In this article, we will explore the works of 10 incredibly inspiring street photographers who have left an indelible mark on the genre. Each of these artists has a distinct style, a unique vision, and an extraordinary ability to capture the human experience in its rawest form. Let’s delve into the world of these talented individuals and discover the inspiration they bring to the realm of street photography.
Considered the father of modern photography, Cartier-Bresson’s iconic photographs are a testament to his extraordinary ability to capture decisive moments. His work embodies the concept of “the decisive moment” and continues to inspire generations of street photographers.

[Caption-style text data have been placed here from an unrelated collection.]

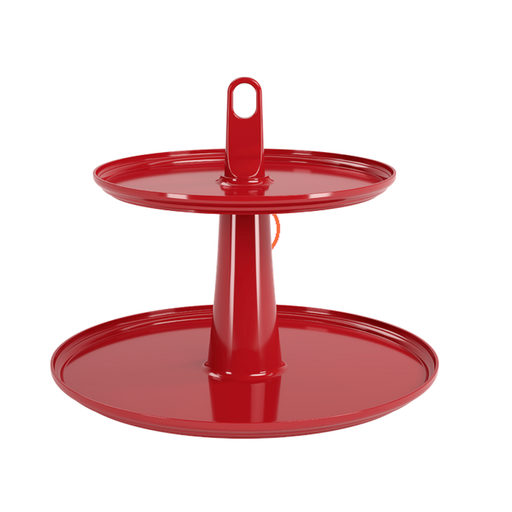 [10118/0465] PEDESTAL 2 NIVELES Ø32,50 CM DE PLASTICO CAKE ROJO BOLD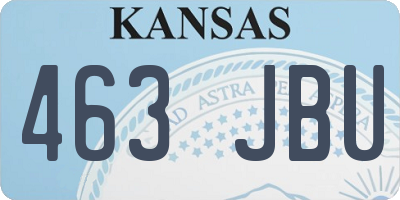 KS license plate 463JBU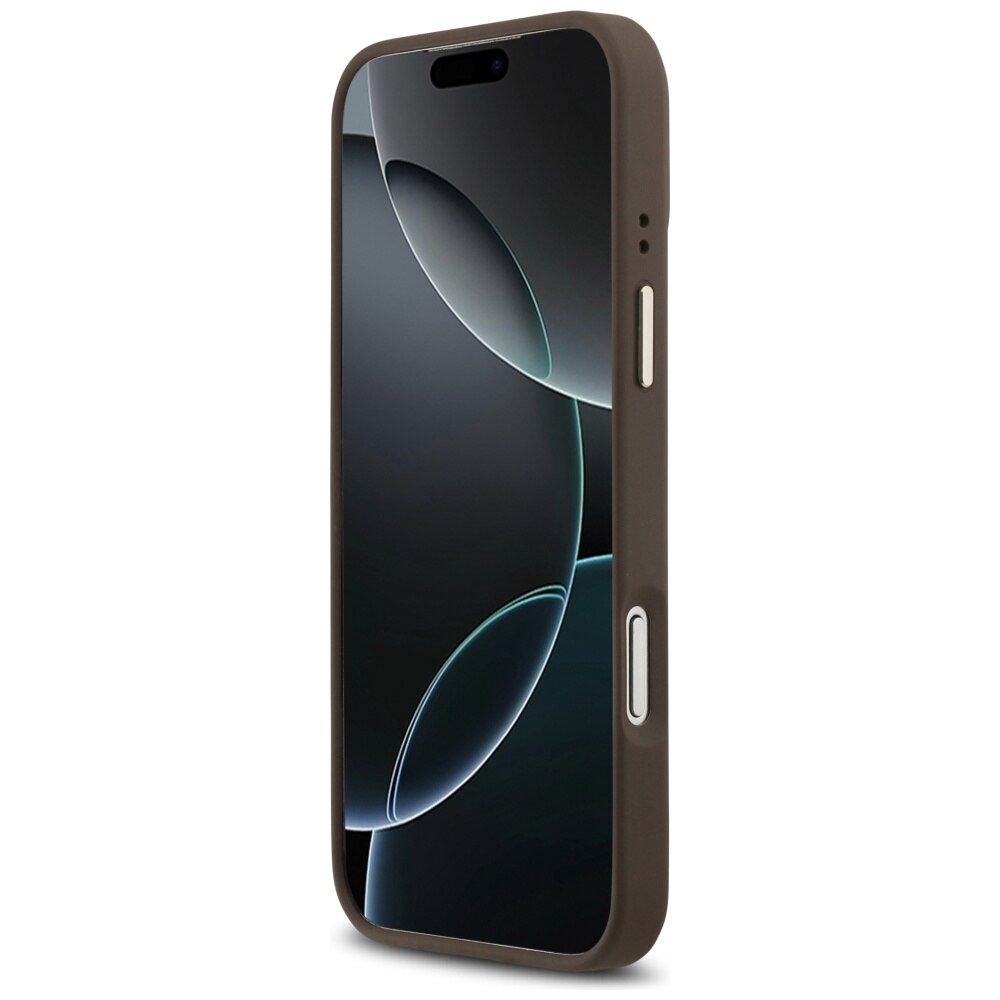 Husa Guess MagSafe pentru iPhone 17 Pro Max, PU cu model Peony Hot Stamp, GUHMP17XPSAMSECW, Maro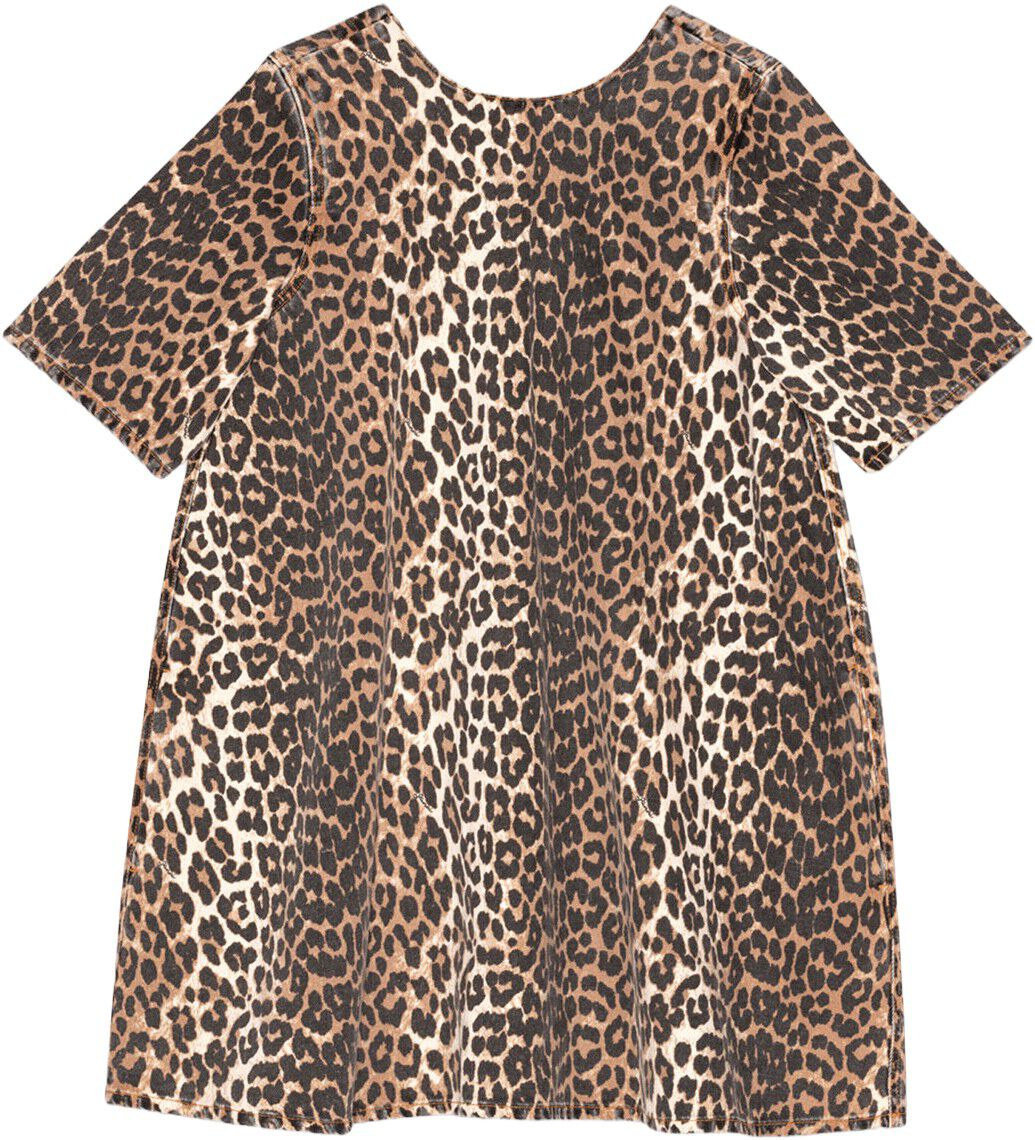 Print Denim Open Back Mini Dress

Josef Koudelka (born 1938) is a Czech-born French Magnum photographer. He is among the most important humanist photographers in the world. He is known for his dramatic black-and-white images which address a variety of social and political issues.
Though lesser known than some of his Western contemporaries, Fan Ho was one of the most important street photographers of the 20th century, the remarkable images he captured of Hong Kong during the 1950s and 60s assert the zeitgeist of the time and continue to influence and inspire today. His images evoke a dramatic sense of scale, light and composition.
Diane Arbus (1923-1971) was an American photographer known for her portraits of people on the fringes of society, such as carnival performers, drag performers and nudists. Arbus typically gave her subjects the opportunity to present themselves as they saw fit. Arbus sought to find the beauty in adversity. She typically avoided cropping her photographs for emphasis, and instead printed the entire negative, a choice registered by irregular black borders surrounding the image. “For me the subject of the picture is always more important than the picture,” she said. “And more complicated.”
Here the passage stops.